Instructions to follow » Please repeat exactly the lines below from the line with "61B Paradise Island, Surfers" to the line with "2010 Ford Focus", including both, and leave out every picture.

Data shown »
________________

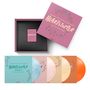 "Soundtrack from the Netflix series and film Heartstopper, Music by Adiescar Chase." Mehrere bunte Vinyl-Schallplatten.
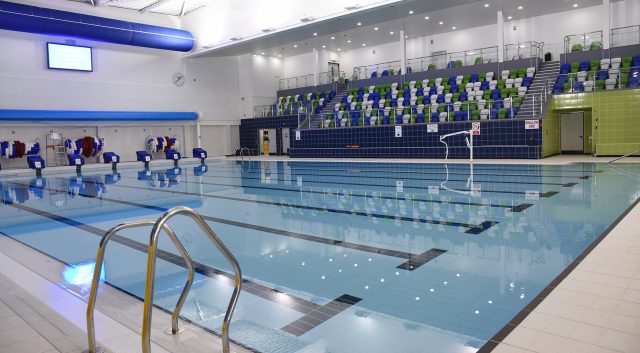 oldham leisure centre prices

________________

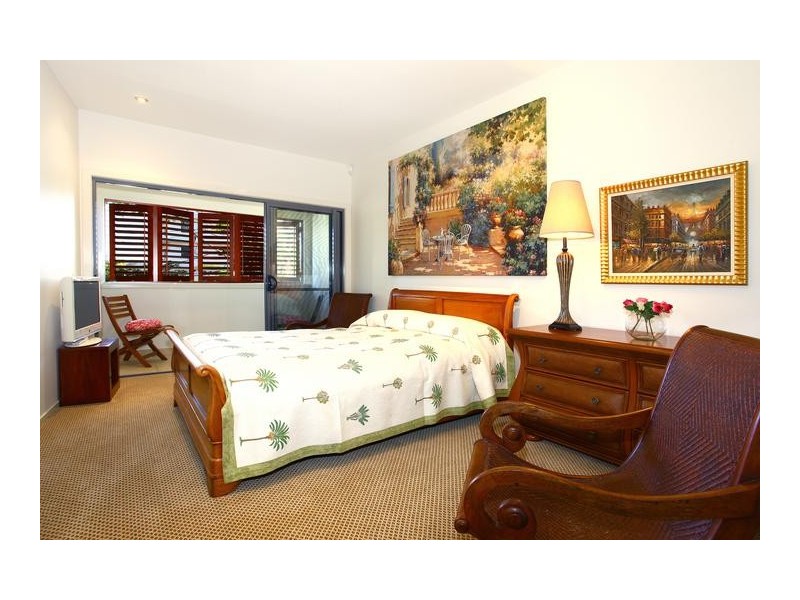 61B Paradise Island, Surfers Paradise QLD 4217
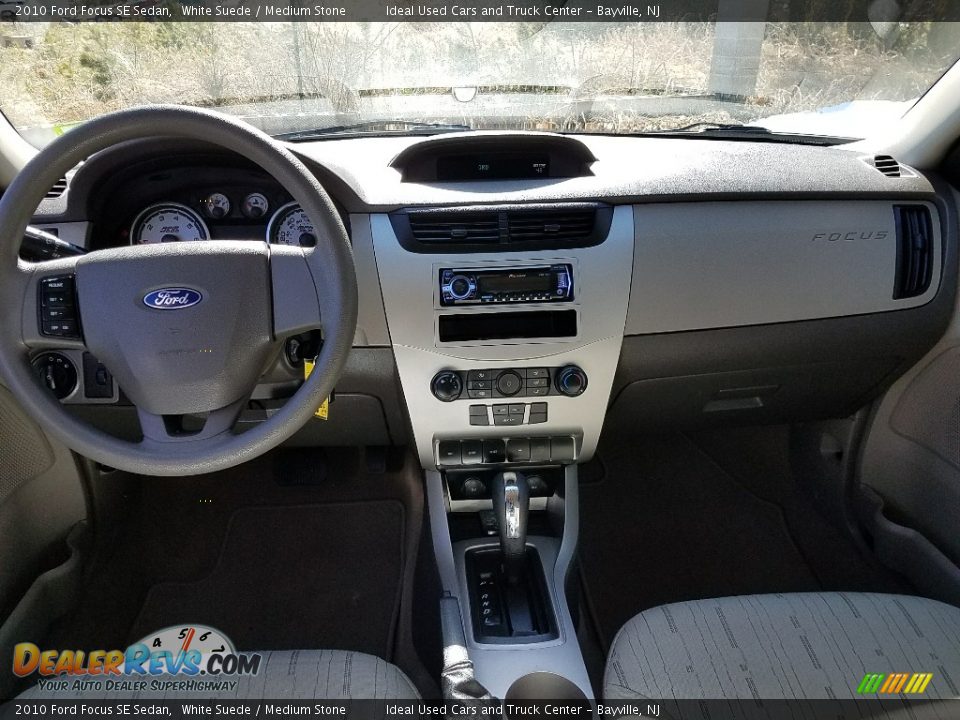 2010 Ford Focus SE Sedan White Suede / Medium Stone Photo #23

________________

Solution to the problem »
 61B Paradise Island, Surfers Paradise QLD 4217
 2010 Ford Focus SE Sedan White Suede / Medium Stone Photo #23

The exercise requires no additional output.